Ron Paul on the Economy and the Current Crisis

We find ourselves mired in the deepest economic crisis to afflict this country since the Great Depression. Yet, despite the failure of all the interventionist efforts to date to do anything to improve the economy, each week seems to bring new proposals for yet more bailouts, more funding facilities, and more of the same discredited Keynesian ideas. There are still relatively few policymakers who understand the roots of the current crisis in the Federal Reserve's monetary policy. No one in government is willing to take the blame; instead we transfer it onto others. We blame the crisis on greedy bankers and mortgage lenders, on the Chinese for being too thrifty and providing us with capital, or on consumers who aren't spending as much as the government thinks they should.

One aspect that needs to come to the fore once again is that of moral hazard. When the government acts as a backstop to insure losses that come about from making poor decisions, such poor decision-making is rewarded, and thereby further encouraged in the future...

Chairman Bernanke and others in positions of authority seem to gloss over these systemic instabilities and assume an excessively rosy outlook on the economy. I believe we are at another major economic crossroad, where the global financial system will have to be fundamentally rethought.

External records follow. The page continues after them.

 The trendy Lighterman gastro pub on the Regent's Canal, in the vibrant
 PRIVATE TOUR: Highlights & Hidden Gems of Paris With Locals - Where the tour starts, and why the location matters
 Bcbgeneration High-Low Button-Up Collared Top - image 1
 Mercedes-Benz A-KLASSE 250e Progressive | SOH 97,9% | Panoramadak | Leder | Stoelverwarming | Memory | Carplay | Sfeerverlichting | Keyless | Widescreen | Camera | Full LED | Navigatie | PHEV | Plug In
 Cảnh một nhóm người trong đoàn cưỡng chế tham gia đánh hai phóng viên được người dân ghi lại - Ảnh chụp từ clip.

The post–Bretton Woods dollar-standard system has proven remarkably resilient, lasting longer than the gold-exchange system which preceded it, but the current economic crisis has illustrated the unsustainability of the current dollar-based system. To think that the economy will begin to recover by the end of this year is absurd. The dollar's supposed strength exists only because of the weakness of other currencies. The Fed's increase of the monetary base and establishment of "temporary" funding facilities has set the stage for hyperinflation, and it remains to be seen what results.

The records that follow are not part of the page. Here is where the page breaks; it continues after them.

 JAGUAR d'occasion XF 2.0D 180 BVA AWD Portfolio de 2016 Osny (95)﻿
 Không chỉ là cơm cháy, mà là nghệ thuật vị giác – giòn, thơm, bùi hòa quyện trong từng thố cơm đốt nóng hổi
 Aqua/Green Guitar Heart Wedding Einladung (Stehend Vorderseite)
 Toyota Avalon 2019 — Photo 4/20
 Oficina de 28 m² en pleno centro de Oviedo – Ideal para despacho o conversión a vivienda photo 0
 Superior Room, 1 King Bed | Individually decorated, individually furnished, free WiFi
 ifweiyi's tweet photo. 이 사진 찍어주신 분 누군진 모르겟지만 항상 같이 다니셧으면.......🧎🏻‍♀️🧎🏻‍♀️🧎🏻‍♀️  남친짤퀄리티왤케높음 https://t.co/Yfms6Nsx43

If banks begin to lend their increased reserves, we will see the first steps towards hyperinflation. Now that the Fed has increased the monetary base, it finds itself under pressure to withdraw these funds at some point. The question, however, is when? If it withdraws too soon, banks' balance sheets collapse, if too late, massive inflation will ensue. As in previous crises, the Fed's inflationary actions leave it compelled to take action that will severely harm the economy through either deflation or hyperinflation. Had the Fed not begun interfering 18 months ago, we might have already seen a recovery in the economy by now. Bad debts would have been liquidated, inefficient firms sold off and their resources put to better use elsewhere. As it is, I believe any temporary uptick in economic indicators nowadays will likely be misinterpreted as economic recovery rather than the result of Federal Reserve credit creation. Until we learn the lesson that government intervention cannot heal the economy, and can only do harm, we will never stabilize the economy or get on the road to true recovery.

speech 2/25/09

My thoughts: Paul places the blame where it belongs, on the Federal Reserve System.